━━ Input ━━

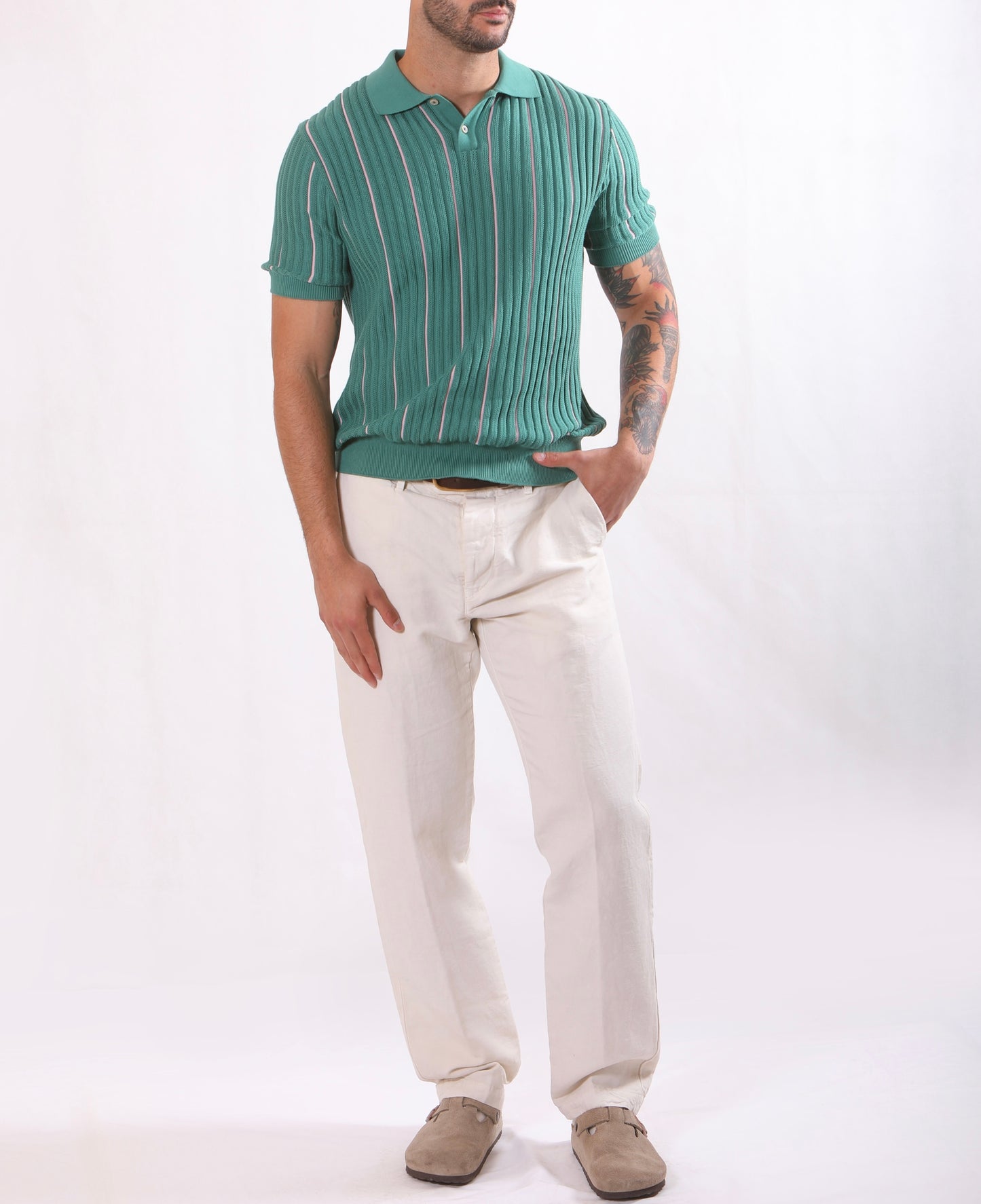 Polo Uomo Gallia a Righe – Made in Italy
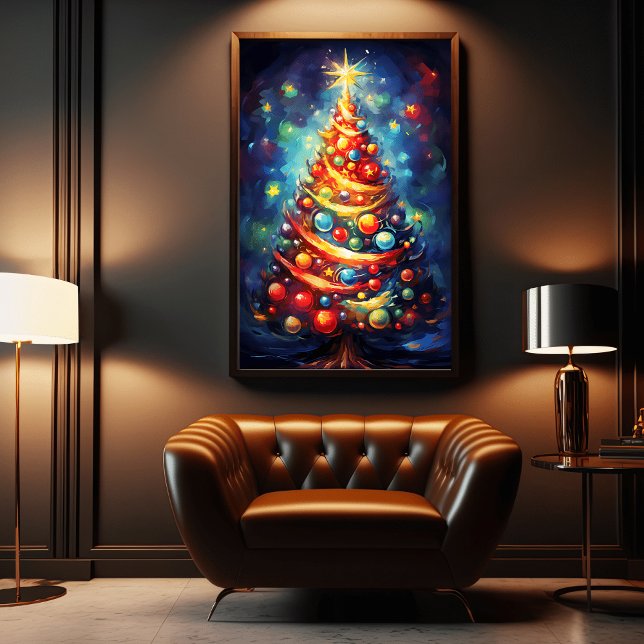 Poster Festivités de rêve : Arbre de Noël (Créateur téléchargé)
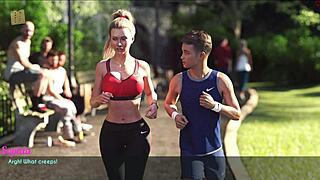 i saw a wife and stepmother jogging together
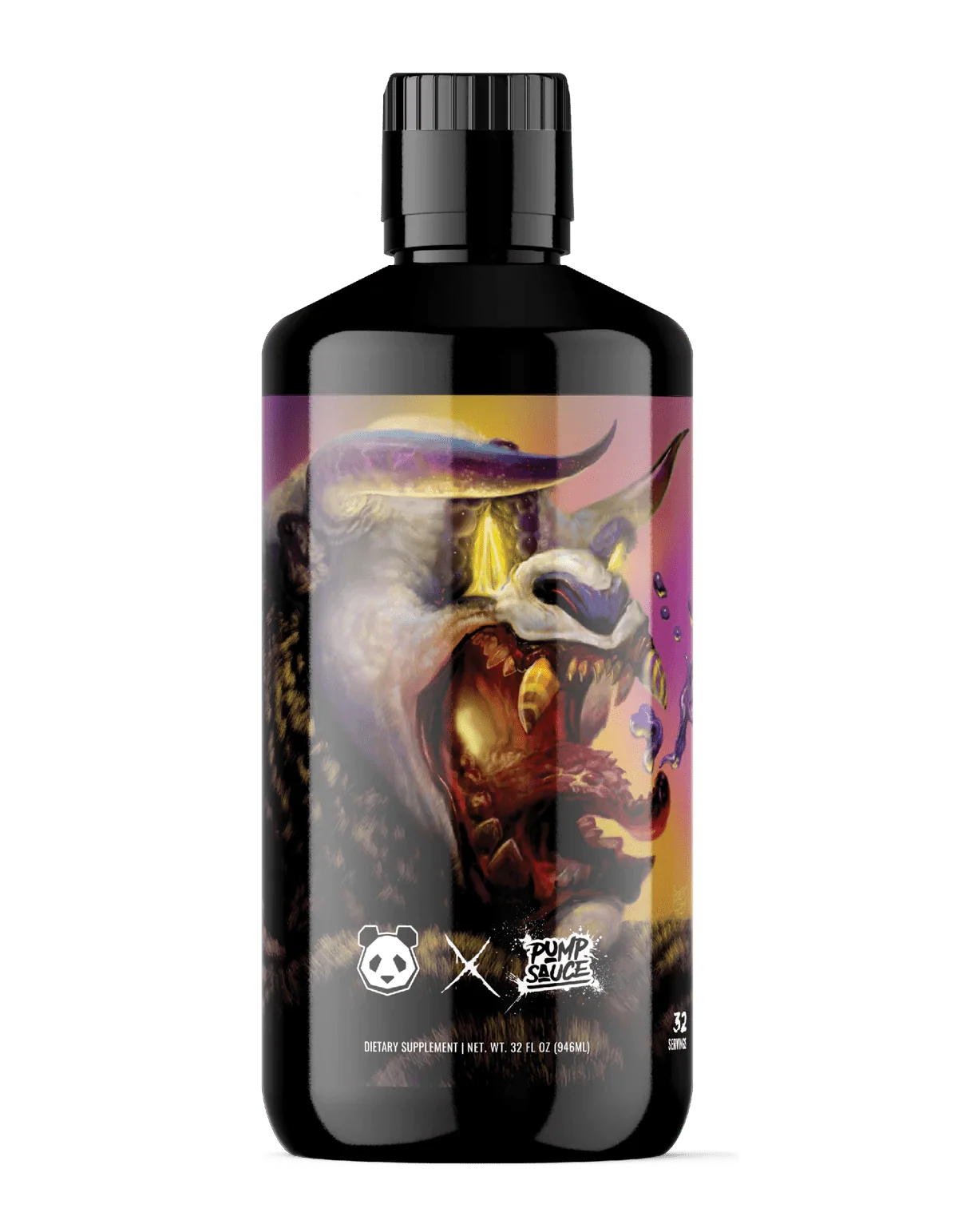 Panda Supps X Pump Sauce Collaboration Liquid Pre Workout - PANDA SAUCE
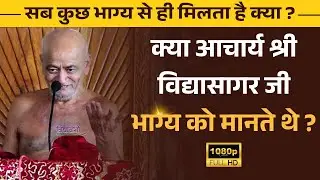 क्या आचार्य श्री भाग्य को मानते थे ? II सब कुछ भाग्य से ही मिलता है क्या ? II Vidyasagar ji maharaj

━━━

What is being asked: Exact duplicates of all the entries are required, and no image may appear in them.

Output of the exercise:
 Polo Uomo Gallia a Righe – Made in Italy
 Poster Festivités de rêve : Arbre de Noël (Créateur téléchargé)
 i saw a wife and stepmother jogging together
 Panda Supps X Pump Sauce Collaboration Liquid Pre Workout - PANDA SAUCE
 क्या आचार्य श्री भाग्य को मानते थे ? II सब कुछ भाग्य से ही मिलता है क्या ? II Vidyasagar ji maharaj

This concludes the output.